GitHub disclosed that it is investigating unauthorized access to its internal repositories after attackers compromised an employee's device through a malicious Visual Studio Code extension.
The company says there is currently no evidence that customer repositories or enterprise data were affected, though the incident appears to have exposed thousands of private internal repositories.
GitHub’s initial alert, published early on May 20, confirmed an investigation into unauthorized access to internal repositories and stated that it had not found evidence of impact on customer data stored outside the company’s infrastructure.
A few hours later, the company provided additional details, revealing that the intrusion originated from a “poisoned VS Code extension” installed on an employee's device.
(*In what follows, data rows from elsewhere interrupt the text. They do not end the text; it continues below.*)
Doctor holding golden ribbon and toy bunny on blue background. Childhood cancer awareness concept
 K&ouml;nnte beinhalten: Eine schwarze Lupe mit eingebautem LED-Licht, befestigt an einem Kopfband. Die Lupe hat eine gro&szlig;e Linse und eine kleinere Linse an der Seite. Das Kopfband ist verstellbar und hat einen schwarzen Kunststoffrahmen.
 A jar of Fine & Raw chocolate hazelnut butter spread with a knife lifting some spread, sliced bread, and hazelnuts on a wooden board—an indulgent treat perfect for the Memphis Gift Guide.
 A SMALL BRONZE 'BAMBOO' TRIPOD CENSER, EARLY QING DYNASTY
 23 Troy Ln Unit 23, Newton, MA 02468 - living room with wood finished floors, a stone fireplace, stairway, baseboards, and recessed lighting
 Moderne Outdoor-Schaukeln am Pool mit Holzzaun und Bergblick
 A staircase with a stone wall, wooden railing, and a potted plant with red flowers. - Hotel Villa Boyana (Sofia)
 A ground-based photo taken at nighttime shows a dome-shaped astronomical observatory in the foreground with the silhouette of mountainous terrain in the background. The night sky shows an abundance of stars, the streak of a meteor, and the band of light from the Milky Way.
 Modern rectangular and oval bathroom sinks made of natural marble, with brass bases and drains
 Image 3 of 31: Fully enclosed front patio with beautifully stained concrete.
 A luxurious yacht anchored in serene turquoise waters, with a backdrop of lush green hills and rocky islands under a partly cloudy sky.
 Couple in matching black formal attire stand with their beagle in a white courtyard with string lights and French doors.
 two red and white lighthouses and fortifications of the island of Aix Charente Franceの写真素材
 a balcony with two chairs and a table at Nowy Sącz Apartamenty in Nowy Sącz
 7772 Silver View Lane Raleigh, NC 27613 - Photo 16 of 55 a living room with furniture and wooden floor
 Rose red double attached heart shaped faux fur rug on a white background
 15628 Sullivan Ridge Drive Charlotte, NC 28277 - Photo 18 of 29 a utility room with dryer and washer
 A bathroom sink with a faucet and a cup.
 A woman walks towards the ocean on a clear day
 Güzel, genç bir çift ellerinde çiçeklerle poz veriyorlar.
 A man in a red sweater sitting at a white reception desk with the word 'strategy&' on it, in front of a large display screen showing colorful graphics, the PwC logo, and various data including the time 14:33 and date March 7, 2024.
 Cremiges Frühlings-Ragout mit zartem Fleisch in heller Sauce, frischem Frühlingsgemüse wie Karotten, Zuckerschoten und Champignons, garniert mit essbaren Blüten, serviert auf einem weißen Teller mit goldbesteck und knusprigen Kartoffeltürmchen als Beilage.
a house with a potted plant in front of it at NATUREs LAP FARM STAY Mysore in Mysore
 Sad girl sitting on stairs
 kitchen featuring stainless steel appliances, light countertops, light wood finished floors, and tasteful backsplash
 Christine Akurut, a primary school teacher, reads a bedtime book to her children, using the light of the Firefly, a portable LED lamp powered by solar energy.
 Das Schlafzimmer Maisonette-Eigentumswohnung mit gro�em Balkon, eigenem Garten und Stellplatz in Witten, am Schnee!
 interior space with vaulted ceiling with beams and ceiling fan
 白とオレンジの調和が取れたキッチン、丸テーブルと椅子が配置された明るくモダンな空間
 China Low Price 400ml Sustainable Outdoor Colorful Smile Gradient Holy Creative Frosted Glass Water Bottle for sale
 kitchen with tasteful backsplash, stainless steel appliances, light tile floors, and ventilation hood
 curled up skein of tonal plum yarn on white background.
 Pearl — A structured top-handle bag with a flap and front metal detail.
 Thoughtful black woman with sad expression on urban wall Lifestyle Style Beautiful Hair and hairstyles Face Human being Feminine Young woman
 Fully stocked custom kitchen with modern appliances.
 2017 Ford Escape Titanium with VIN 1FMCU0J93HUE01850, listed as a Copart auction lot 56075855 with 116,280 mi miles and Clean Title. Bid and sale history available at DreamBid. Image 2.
According to GitHub, the compromised endpoint was isolated immediately after detection, and the malicious extension version was removed. The company also said it initiated incident response procedures right away and began rotating sensitive credentials, prioritizing high-impact secrets overnight to reduce the risk of further compromise.
“Our current assessment is that the activity involved exfiltration of GitHub-internal repositories only,” the company said in a follow-up statement. GitHub added that the attackers’ claims of obtaining roughly 3,800 repositories were “directionally consistent” with the company’s ongoing investigation.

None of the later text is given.